- [INSTRUCTIONS TO FOLLOW]:
This task calls for the complete listing below, reproduced exactly.

- [MATERIAL PROVIDED]:
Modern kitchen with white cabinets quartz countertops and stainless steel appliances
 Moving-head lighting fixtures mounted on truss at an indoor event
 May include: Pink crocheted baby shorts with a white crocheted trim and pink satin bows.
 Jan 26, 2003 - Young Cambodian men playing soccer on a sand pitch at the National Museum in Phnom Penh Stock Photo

- [RESULT OF THE TASK]:
Modern kitchen with white cabinets quartz countertops and stainless steel appliances
 Moving-head lighting fixtures mounted on truss at an indoor event
 May include: Pink crocheted baby shorts with a white crocheted trim and pink satin bows.
 Jan 26, 2003 - Young Cambodian men playing soccer on a sand pitch at the National Museum in Phnom Penh Stock Photo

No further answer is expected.